» **Dataset extract**
══════════

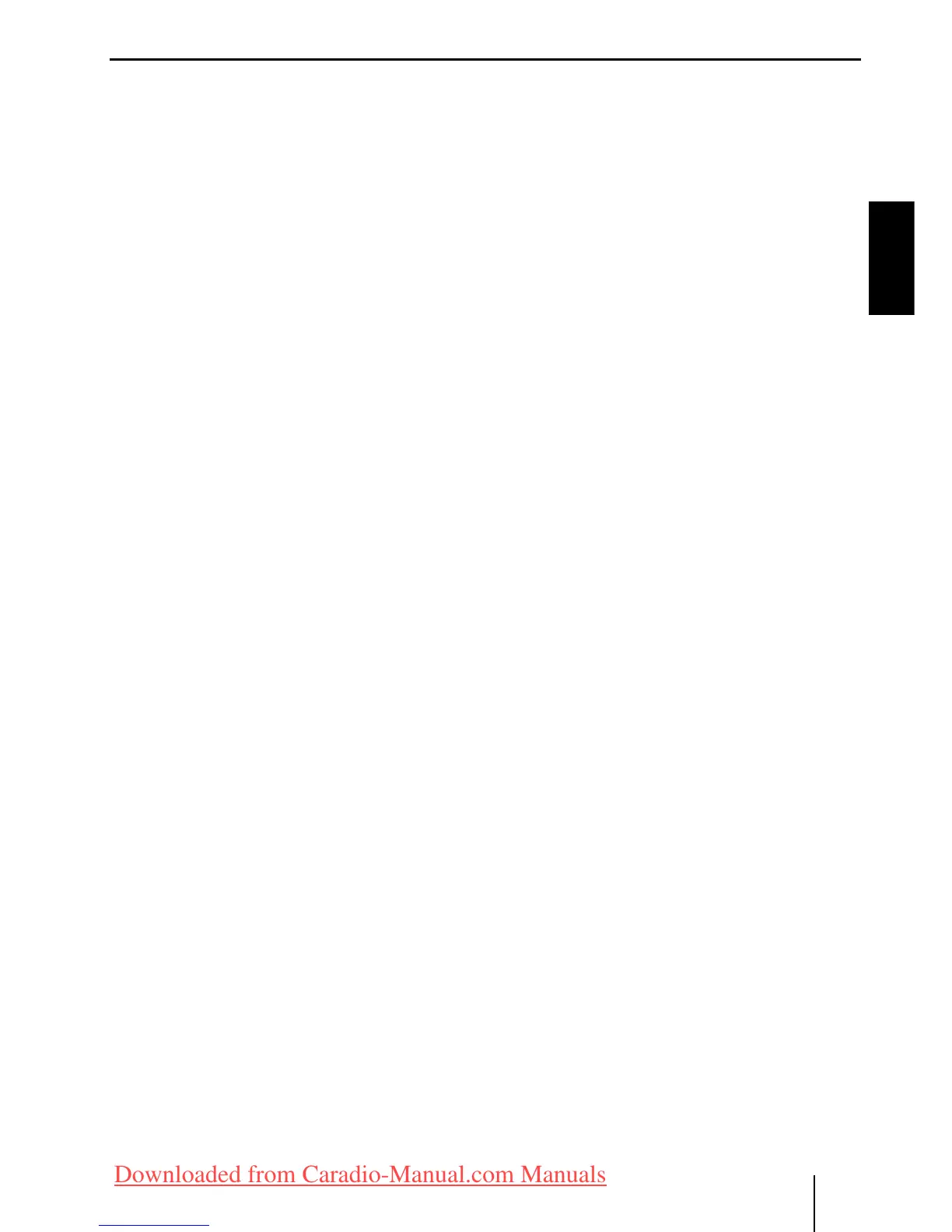 Page #229 background image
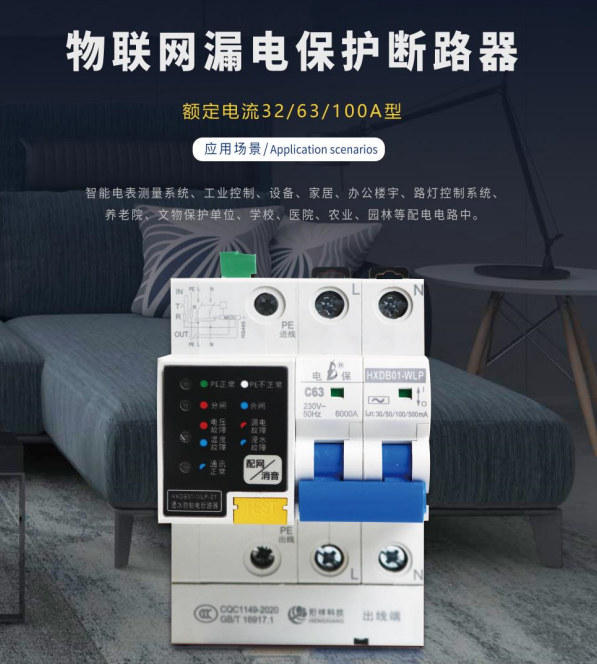 开云手机官方网站开云(中国)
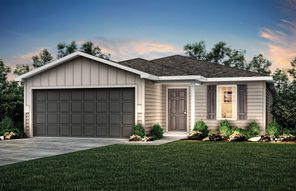 1206 Los Mochis Avenue (Hewitt)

══════════

» **What to produce**
The task requires that every line above be transcribed exactly, without the images.

» **Output of the task**
 Page #229 background image
 开云手机官方网站开云(中国)
 1206 Los Mochis Avenue (Hewitt)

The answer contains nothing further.